EXERCISE DESCRIPTION:
Copy exactly the line containing "8 Pack Pink" and each line after it to the end of the listing, and output nothing else.

AVAILABLE DATA:
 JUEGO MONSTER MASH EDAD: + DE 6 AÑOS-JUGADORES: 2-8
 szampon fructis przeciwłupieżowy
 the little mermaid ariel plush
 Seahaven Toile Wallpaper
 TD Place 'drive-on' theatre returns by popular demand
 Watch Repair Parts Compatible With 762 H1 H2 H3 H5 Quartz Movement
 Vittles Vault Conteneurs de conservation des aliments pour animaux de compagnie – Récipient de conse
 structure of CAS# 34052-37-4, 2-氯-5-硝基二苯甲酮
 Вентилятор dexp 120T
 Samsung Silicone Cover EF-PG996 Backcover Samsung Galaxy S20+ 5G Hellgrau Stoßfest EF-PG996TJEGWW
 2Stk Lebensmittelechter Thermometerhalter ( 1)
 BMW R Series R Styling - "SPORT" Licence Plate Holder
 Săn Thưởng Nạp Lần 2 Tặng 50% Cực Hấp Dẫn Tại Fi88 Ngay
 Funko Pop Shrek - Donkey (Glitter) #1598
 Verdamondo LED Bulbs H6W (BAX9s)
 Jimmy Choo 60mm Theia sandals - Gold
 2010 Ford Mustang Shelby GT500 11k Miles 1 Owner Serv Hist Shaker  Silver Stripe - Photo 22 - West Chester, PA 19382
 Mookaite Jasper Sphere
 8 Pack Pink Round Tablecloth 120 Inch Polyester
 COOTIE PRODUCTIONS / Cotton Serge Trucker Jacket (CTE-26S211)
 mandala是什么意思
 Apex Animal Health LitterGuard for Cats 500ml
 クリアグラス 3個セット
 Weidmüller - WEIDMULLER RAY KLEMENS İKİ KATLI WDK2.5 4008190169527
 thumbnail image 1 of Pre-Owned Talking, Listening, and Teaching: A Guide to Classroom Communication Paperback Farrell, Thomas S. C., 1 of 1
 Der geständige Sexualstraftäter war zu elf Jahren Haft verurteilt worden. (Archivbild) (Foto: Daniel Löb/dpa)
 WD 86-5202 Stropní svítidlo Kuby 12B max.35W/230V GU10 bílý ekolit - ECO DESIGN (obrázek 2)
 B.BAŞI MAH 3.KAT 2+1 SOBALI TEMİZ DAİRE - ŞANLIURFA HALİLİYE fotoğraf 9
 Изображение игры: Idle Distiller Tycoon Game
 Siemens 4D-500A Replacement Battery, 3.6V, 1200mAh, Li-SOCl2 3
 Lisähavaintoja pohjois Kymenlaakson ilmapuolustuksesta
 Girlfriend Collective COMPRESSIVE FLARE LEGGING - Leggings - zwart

TASK OUTPUT:
 8 Pack Pink Round Tablecloth 120 Inch Polyester
 COOTIE PRODUCTIONS / Cotton Serge Trucker Jacket (CTE-26S211)
 mandala是什么意思
 Apex Animal Health LitterGuard for Cats 500ml
 クリアグラス 3個セット
 Weidmüller - WEIDMULLER RAY KLEMENS İKİ KATLI WDK2.5 4008190169527
 thumbnail image 1 of Pre-Owned Talking, Listening, and Teaching: A Guide to Classroom Communication Paperback Farrell, Thomas S. C., 1 of 1
 Der geständige Sexualstraftäter war zu elf Jahren Haft verurteilt worden. (Archivbild) (Foto: Daniel Löb/dpa)
 WD 86-5202 Stropní svítidlo Kuby 12B max.35W/230V GU10 bílý ekolit - ECO DESIGN (obrázek 2)
 B.BAŞI MAH 3.KAT 2+1 SOBALI TEMİZ DAİRE - ŞANLIURFA HALİLİYE fotoğraf 9
 Изображение игры: Idle Distiller Tycoon Game
 Siemens 4D-500A Replacement Battery, 3.6V, 1200mAh, Li-SOCl2 3
 Lisähavaintoja pohjois Kymenlaakson ilmapuolustuksesta
 Girlfriend Collective COMPRESSIVE FLARE LEGGING - Leggings - zwart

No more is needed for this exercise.